Their observations found the strongest competitors in most plant groups were in fact more resistant to plant eaters rather than less.

Although the tradeoff seems to be less common than presumed, the study still displays relationships between competitive plants and the animals that eat them.

“Basically, you can imagine that there are some species that are really good at growing or grow [the] fastest,” Viola said. “We want to know why they don’t just take over and kick out all the other species. The reason is that they are eaten more, because they’re not as well-defended. If you remove an herbivore, it can throw everything out of whack.”

Many advances were used to obtain these results. The team of researchers used previous data to help them draw information. Jonathan Levine, an EEMB professor, said he and the other researchers found previously recorded data extremely beneficial in their studies for measuring the characteristics of plants.

This research is not only assisting ecologists. People across the nation believe it’s an important aspect of environmental knowledge.
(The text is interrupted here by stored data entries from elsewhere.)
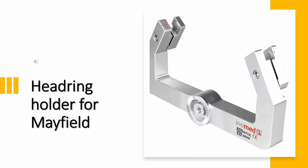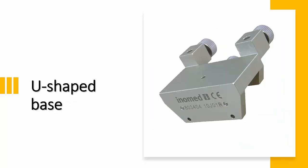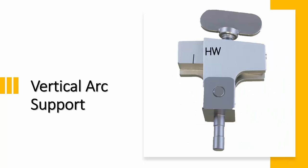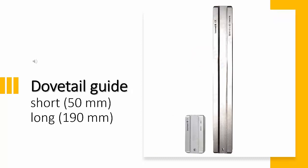The Mayfield clamp affixes the stereotactic system to the operating table. There are various sizes of vertical arcs: 90, 110, and 145 degrees. There are two types of dovetail guide — the short one is 50 millimeters and the long one is 190 millimeters.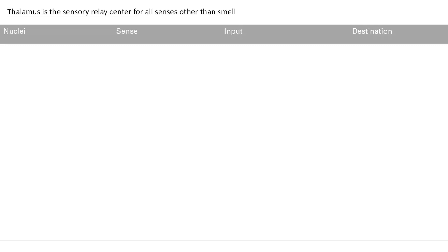A little more anatomy. We just covered the hypothalamus, which is under the thalamus, so now we're going to talk about the thalamus. This is the sensory relay center for all our senses other than smell. We have seeing, tasting, touching, and smelling — this is the relay center for all these senses except smell.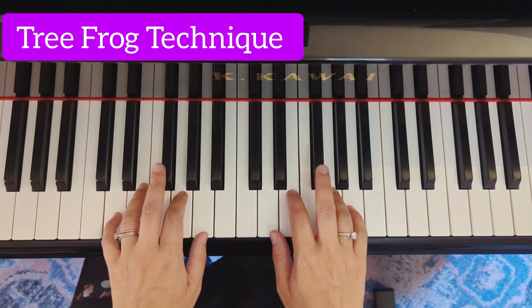Now we move to D. Make sure your third finger goes on this black key. So instead of playing this F here, we're going to play this black key up here.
Erin Mordecai, a doctoral student working on the project considers the study a central lesson in conservation and environmental awareness.

“I think it’s really important to have a review like this because it shows that it’s not a common diversity mechanism. It has a lot of implications for conserving species diversity in nature,” Mordecai said.

The team will continue to look for answers in the ecological field. Levine’s ambitions include a network of ecological sites so the experiment can be applied in more areas.

“We want to try the same analysis with an ongoing nationwide ecological experiment,” Levine said. “We don’t know if we can do that but it’s one of our hopes.”